The shelter typically sees around 320 residents come through year and helps about 1,200 non-residents in a year as well.

“We absolutely see an increase this time of year with Christmas and Thanksgiving coming up people are more generous this time of year,” Penn said. “It is great to see the residents getting excited.We have a church that comes in to provide a full dinner for our residents. We will have another church come in and provide a Christmas dinner between 4:30-7:30 p.m. on Dec. 8.”

Penn said the shelter started in 1987 following the passing of Donald Brandt who donated the building to the non-profit at the time of his death. It was done in honor of his late wife Helen Brandt.

The shelter provides a space for up to 46 residents to stay while seeking employment and housing. The shelter can house people for up to 21 days with the option of extending that stay if needed.

“Anytime the residents are working at the program and trying to secure housing, we can extend that stay longer if need be,” Penn said. “We know it is hard to secure housing once you find a job. We want them to be able to save up for the deposits and to get the utilities on and everything.”

Penn said the shelter relies on contributions and support from area churches who often provide food for the meals as well as assist with toy drives and various other drives and provide necessities to those staying at the shelter. One thing the shelter does is provides food boxes with things like vegetables, canned goods, bread and other items to those in need.

Right now, there is also a coat drive going on. In addition to coats, the shelter will hand out gloves, blankets, scarves, sleeping bags or anything else needed to help get through the colder months. Penn said the shelter typically sees an increase during the months with more extreme weather bringing people indoors.

Next to the shelter is a thrift store that supports the shelter. The residents of the shelter are required to do chores to help out, and the thrift store is one place they can volunteer. The store also provides volunteer opportunities from members of the community.

The shelter puts together care packages for the people it serves.

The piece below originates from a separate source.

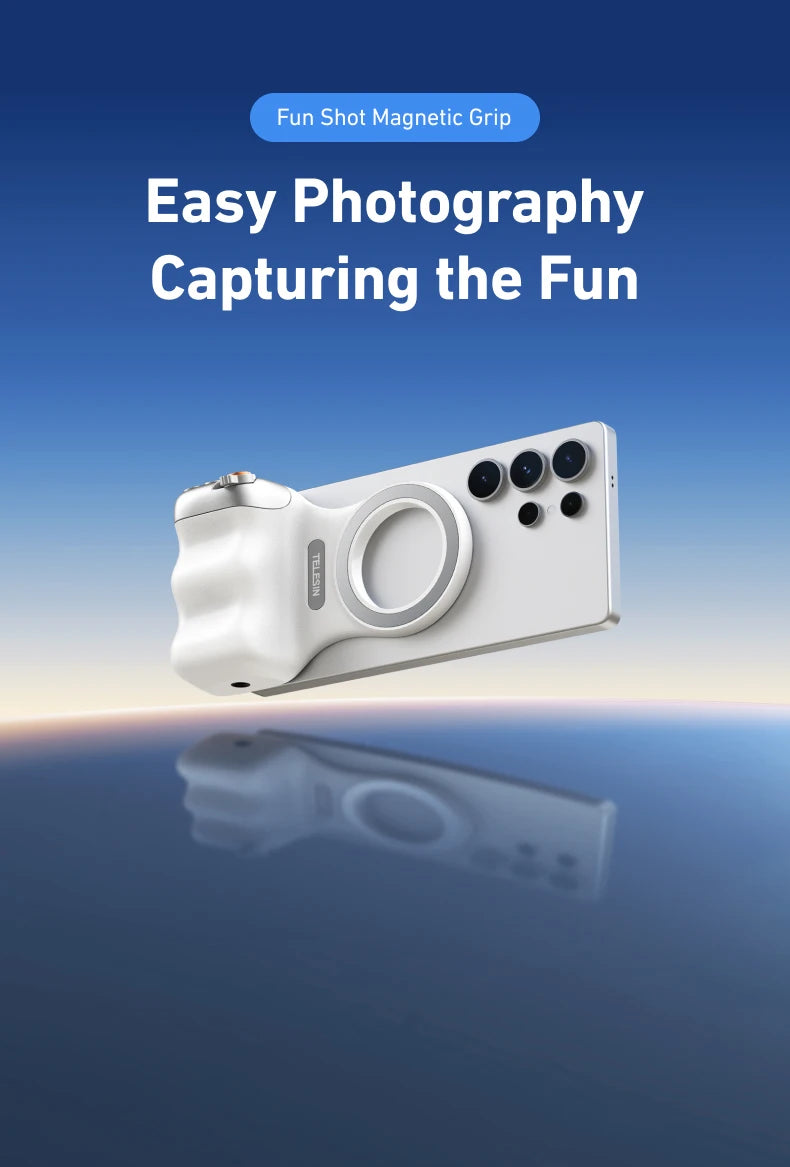TELESIN Magnetic Phone Camera Shoot Hand Grip Phone Holder Shooting Aid Remote Control Handle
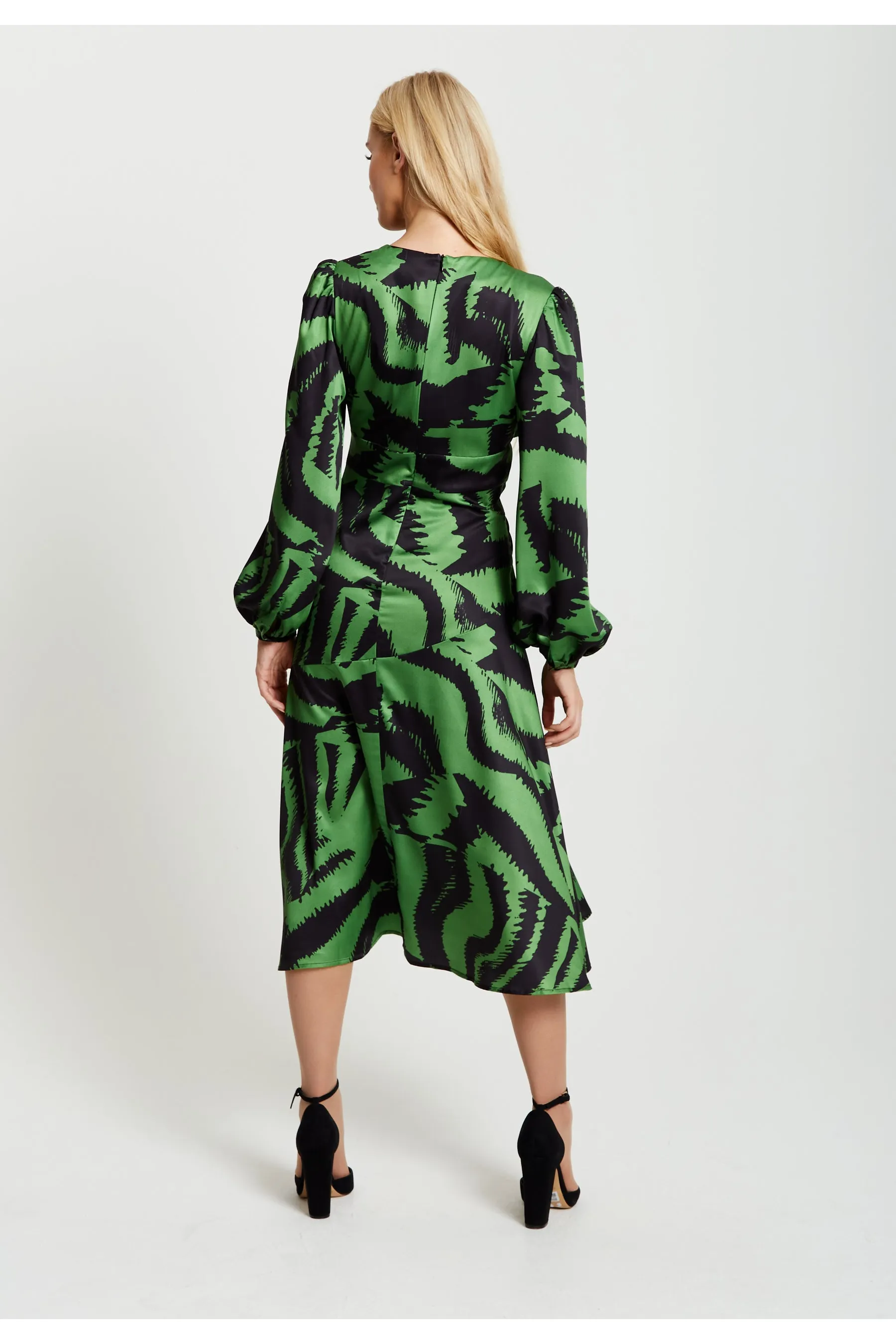 Zebra Print Midi Dress In Green And Black by Liquorish sold by Goddiva product image thumbnail 3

Those include items like toothbrushes and toothpaste, deodorant, snacks and water bottles.

Another source of assistance for the shelter is the Angel Wish Christmas Tree which is sponsored by the Hilton Garden Inn. There will be names of residents along with a wish list on the angel tree that people can donate towards.

“We have tons of organizations in the community, individuals who all contribute to us on a day-to-day basis throughout the year,” Penn said. “We love the fact our community gets out and helps us. Without their involvement we couldn’t exist.”

Residents are required to meet certain criteria in order to stay at the shelter in order to promote the safety of everyone. Some of those include passing a drug and background test. Violent offenders will not be admitted. Because there may be children present at times, the shelter also has someone on staff 24/7.